Little Scurry laid her first egg behind the old recycling bin. (Note to self: lock chickens in run until they figure out the nest box). It was a tiny egg, a fragile brown the color of dust and pond water. She behaved strangely all morning, throwing sticks on her back and clucking about as the egg-laying circuits in her delicate pea-brain lit up. She tried to come into the house and managed to get herself wedged between the screen and glass door. And then there it was, a warm egg in a dirt crater.
How do we receive the gift of an egg? It’s a small thing, but precious–all the nutrients of grasshoppers and tomatoes and blades of fescue driven down into a sun-gold yolk. We couldn’t just gobble it up. We had to receive and return the blessing in some way.

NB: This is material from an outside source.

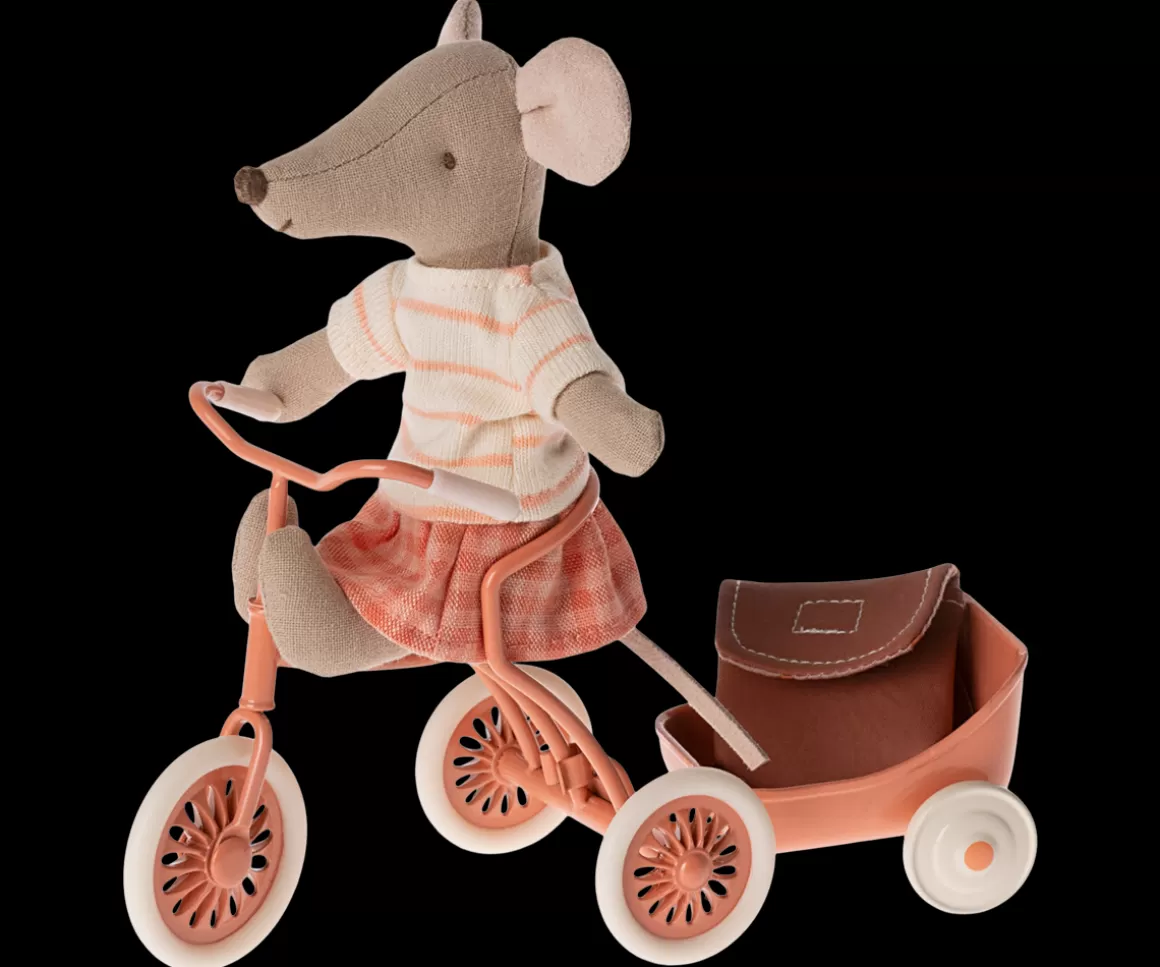 Maileg Tricycle mouse, Big sister - Coral Cheap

Not long ago, I discovered a lovely little volume called the Rural Life Prayerbook, originally published some 50 years ago by the Catholic Rural Life Conference, an agrarian outfit dedicated to preserving rural communities and family farms. It contains blessings for a wide swath of country life and agricultural products. Underlying the book is a deep sense of God’s desire to meet human beings through the vector of simple material objects–the “sacramental principle” in Catholic thought. There’s a blessing for cheese or lard, a blessing for bees, a blessing for sick farm animals, and–thankfully for us–a blessing for eggs. I’ve pasted it below.

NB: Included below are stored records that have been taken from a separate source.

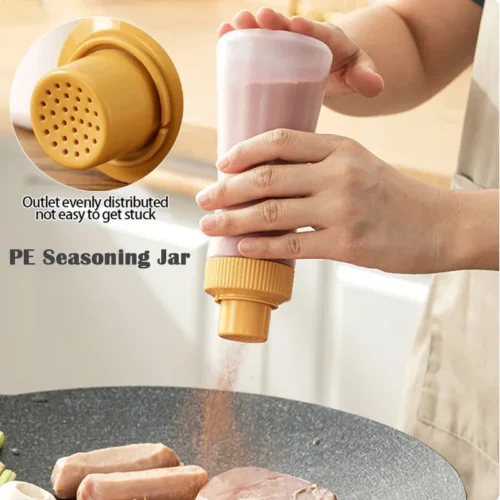 Innovative PE Seasoning Jar – For Effortless Spice Storage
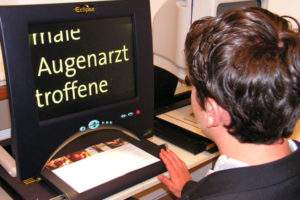 Bildschirmlesegerät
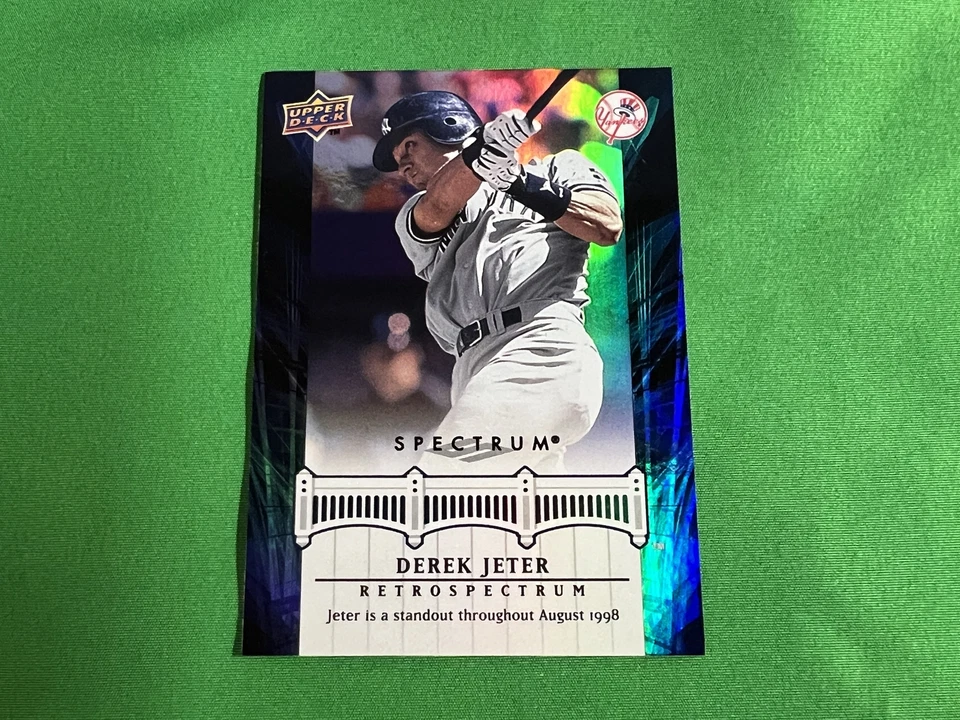 2008 Upper Deck Spectrum Derek Jeter Retrospectrum #DJ28 Derek Jeter Yankees - Image 1 of 1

We gathered with our sons on the back porch to perform the blessing. We said the words for the Blessing of Eggs: versicle/response/let us pray. Then we went inside for lunch: hard-boiled eggs, red tomatoes, and zucchini slices fried in olive oil.
We received the gift of the egg by blessing it, stepping into the eternal, trinitarian communion of receiving and returning. Thanks be to God. Amen.
BLESSING OF EGGS
V. Our help is in the name of the Lord. R. Who has made heaven and earth. V. The Lord be with you. R. And with your spirit. Let us pray. We beg of You, Lord, to let the grace of Your blessing come upon these eggs which You have made. May they be healthful food for Your people, who eat them in thanksgiving for the resurrection of our Lord Jesus Christ, who lives and is King with You for ever and ever. R. Amen.